Away, away! to worldlings hence,
Who feel not this diviner sense;
Give gold to those who love that pest,--
But leave the poet poor and blest.

[1] There is a kind of pun in these words, as Madame Dacier has already
remarked; for Chrysos, which signifies gold, was also a frequent name for
a slave. In one of Lucian's dialogues, there is, I think, a similar play
upon the word, where the followers of Chrysippus are called golden fishes.
The puns of the ancients are, in general, even more vapid than our own;
some of the best are those recorded of Diogenes.

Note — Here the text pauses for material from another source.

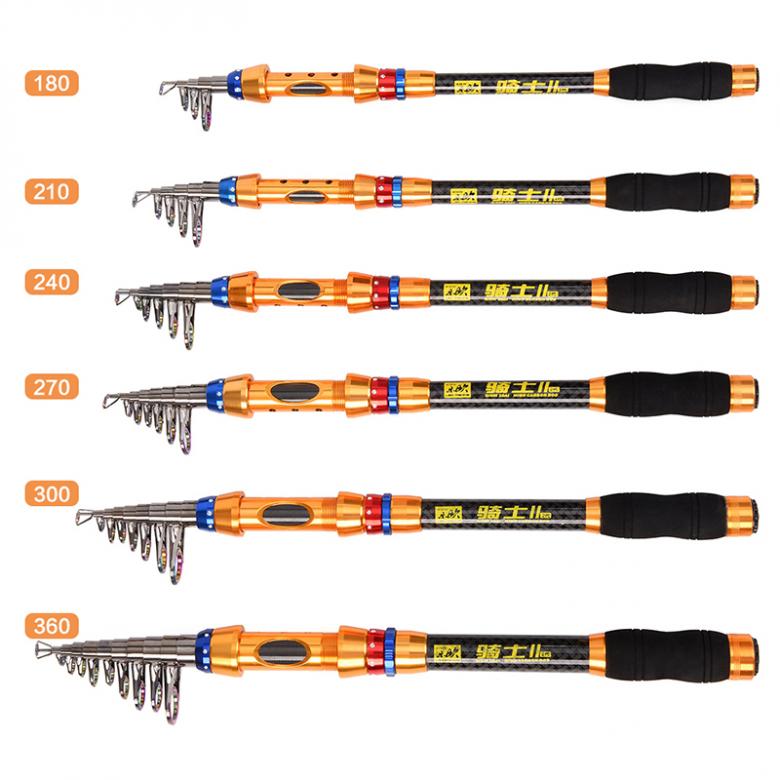 1.8m 2.1m 2.4m 2.7m 3.0m 3.6m kolfiber fiskespö spinnrulle fiskepåse kombinationspaket teleskopisk gjutstångsats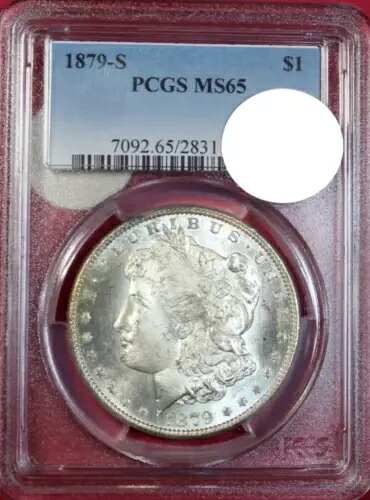 1879-S モーガン・ダラー PCGS MS65｜WORLD RESOURCE【KING店】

[2] This grace of iteration has already been taken notice of. Though
sometimes merely a playful beauty, it is peculiarly expressive of
impassioned sentiment, and we may easily believe that it was one of the
many sources of that energetic sensibility which breathed through the
style of Sappho.

[3] Horace has _Desiderique temperare poculum_, not figuratively, however,
like Anacreon, but importng the love-philtres of the witches. By "cups of
kisses" our poet may allude to a favorite gallantry among the ancients, of
drinking when the lips of their mistresses had touched the brim;--

"Or leave a kiss within the cup And I'll not ask for wine."

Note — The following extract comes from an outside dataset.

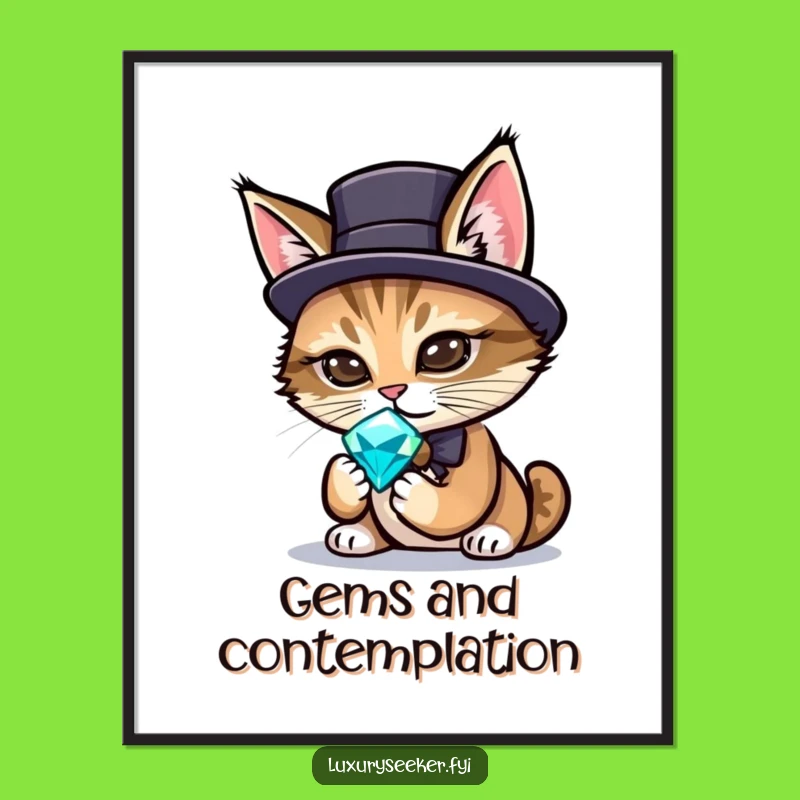 Funny Sophisticated Cat Poster – Elegant & Hilarious Home Decor Gift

As In Ben Jonson's translation from Philostratus; and Lucian has a conceit
upon the same idea, "that you may at once both drink and kiss."


Ripened by the solar beam,
Now the ruddy clusters teem,
In osier baskets borne along
By all the festal vintage throng
Of rosy youths and virgins fair,
Ripe as the melting fruits they bear.
Now, now they press the pregnant grapes,
And now the captive stream escapes,
In fervid tide of nectar gushing.
And for its bondage proudly blushing
While, round the vat's impurpled brim,
The choral song, the vintage hymn
Of rosy youths and virgins fair,
Steals on the charmed and echoing air.
Mark, how they drink, with all their eyes,
The orient tide that sparkling flies,
The infant Bacchus, born in mirth,
While Love stands by, to hail the birth.

When he, whose verging years decline
As deep into the vale as mine,
When he inhales the vintage-cup,
His feet, new-winged, from earth spring up,
And as he dances, the fresh air
Plays whispering through his silvery hair.
Meanwhile young groups whom love invites,
To joys even rivalling wine's delights,
Seek, arm in arm, the shadowy grove,
And there, in words and looks of love,
Such as fond lovers look and say,
Pass the sweet moonlight hours away.

ODE LX.[1]

Awake to life, my sleeping shell,
To Phoebus let thy numbers swell;
And though no glorious prize be thine,
No Pythian wreath around thee twine,
Yet every hour is glory's hour
To him who gathers wisdom's flower.
Then wake thee from thy voiceless slumbers,
And to the soft and Phrygian numbers,
Which, tremblingly, my lips repeat,
Send echoes, from thy chord as sweet.
'Tis thus the swan, with fading notes,
Down the Cayster's current floats,
While amorous breezes linger round,
And sigh responsive sound for sound.